Seller shall give notice within ten (10) days of the Force Majeure Event to Buyer, stating the period of time the occurrence is expected to continue. Seller shall use diligent efforts to end the failure or delay and to ensure the effects of such Force Majeure Event are minimized. Seller shall resume the performance of its obligations as soon as reasonably practicable after the removal of the cause.
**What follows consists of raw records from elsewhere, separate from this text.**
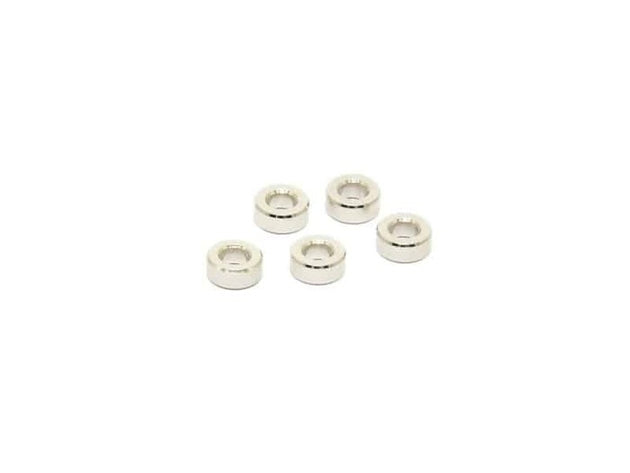 HOBAO ALUMINIUM BUSHING 3.1 X 6 X 2.5MM (5)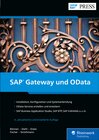 Buchcover SAP Gateway und OData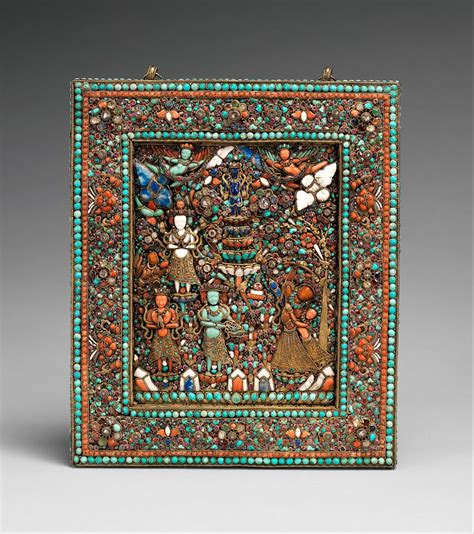 The Birth of the Buddha | Nepal | The Metropolitan Museum of Art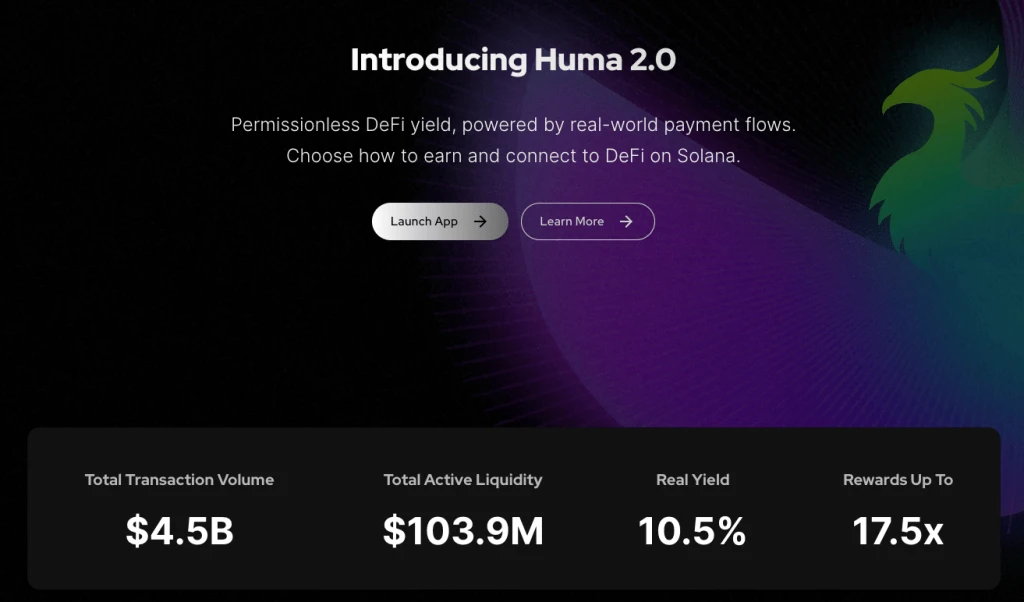 HUMA 代币价值何在？带你了解 Huma Finance PayFi 世界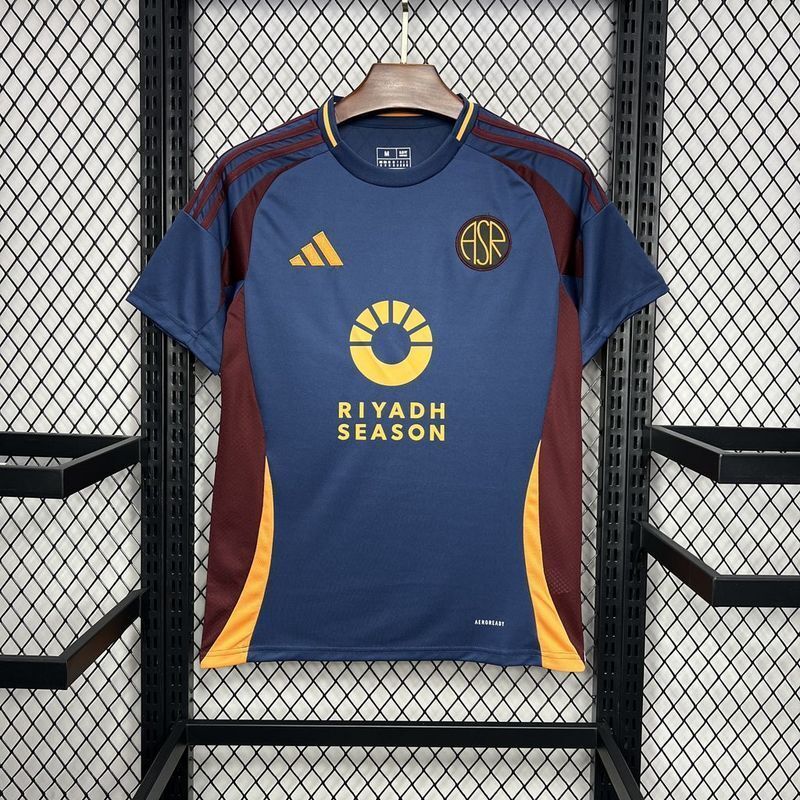 Roma 2024/25 Third Jersey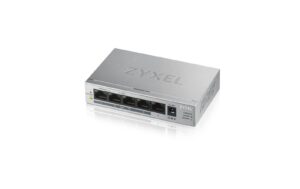ZyXEL GS1005HP 4 PoE, unmanaged kaufen Schweiz | Mediatech.ch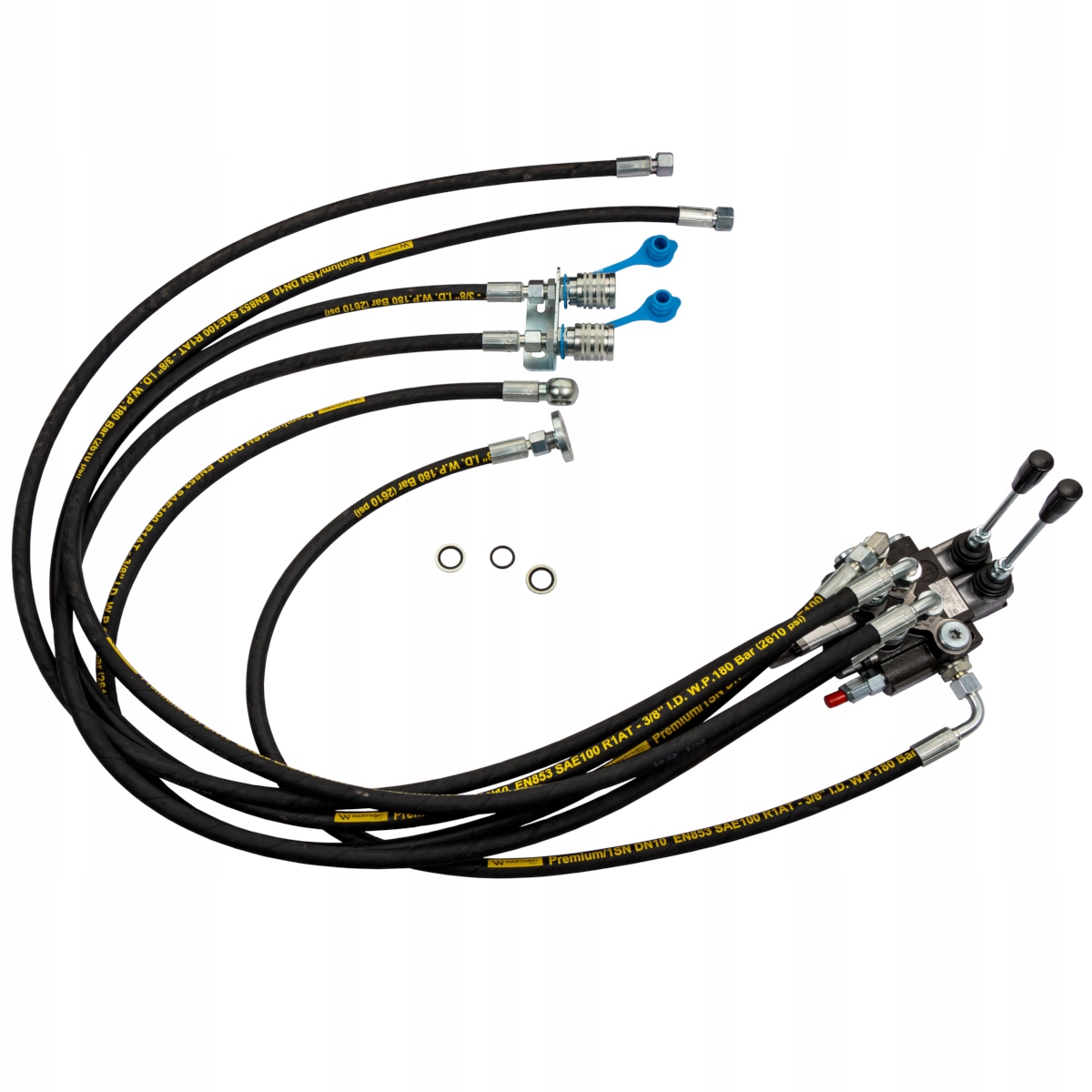 73973 - Сплиттер t-25 подъемник + двухсторонний привод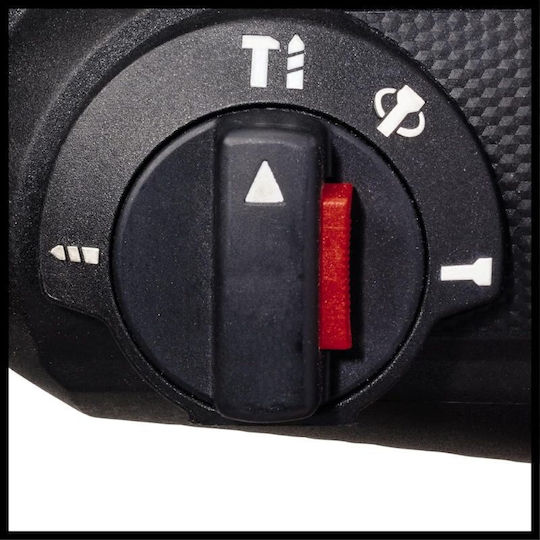 Einhell Κρουστικό Σκαπτικό Πιστολέτο Μπαταρίας 18V Solo με Υποδοχή SDS Plus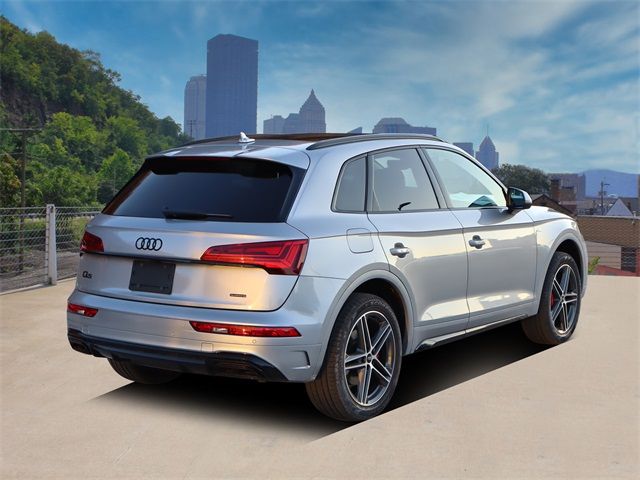 2025 Audi Q5 S Line Premium Plus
In the event that Seller’s failure or delay remains uncured for a period of thirty (30) consecutive days following written notice given by it under this Section 19, Buyer may thereafter terminate this Agreement upon thirty (30) days advance written notice.
- This Agreement constitutes the full agreement of the parties, superseding all prior representations or agreements, oral or written.
- This Agreement constitutes the entire agreement between the parties and may not be altered, modified, terminated, or rescinded except in writing signed by each party hereto.
- Waiver by either party of a breach by the other party of any term hereof shall not be considered a waiver of any other term or any subsequent breach of the same term.
- Assignment and Successor. This Agreement shall be binding upon and shall inure to the benefit of heirs, representatives, successors, and assigns of the parties hereto. Neither Party shall assign its right or delegate any of its obligations under this Agreement without the prior written consent of the other Party. Any purported assignment or delegation in violation of this Section 24 is null and void. Further, no assignment or delegation relieves the assigning or delegating Party of any of its obligations under this Agreement.
- Each Party acknowledges and agrees that this Agreement has been negotiated and prepared jointly by each party and that in the event of ambiguity, it shall not be construed against either Party, but rather each term herein shall be given a reasonable interpretation.
- Resell on Non-Shipment, Non-Payment. Should Buyer elect not to take delivery of seedlings produced on Buyer’s behalf or fails to make final payment prior to shipment of seedlings, Seller has the right to resell any, and all, of the seedlings produced on Buyer’s behalf.
- Choice of Law and Venue. Seller and Buyer specifically agree that this Agreement shall be interpreted in accordance with Texas law, and should any action be brought upon this Agreement, the proper venue shall be the Superior Court for the County of Seller and that the last act to make this Agreement enforceable occurred in Dallas County, Texas.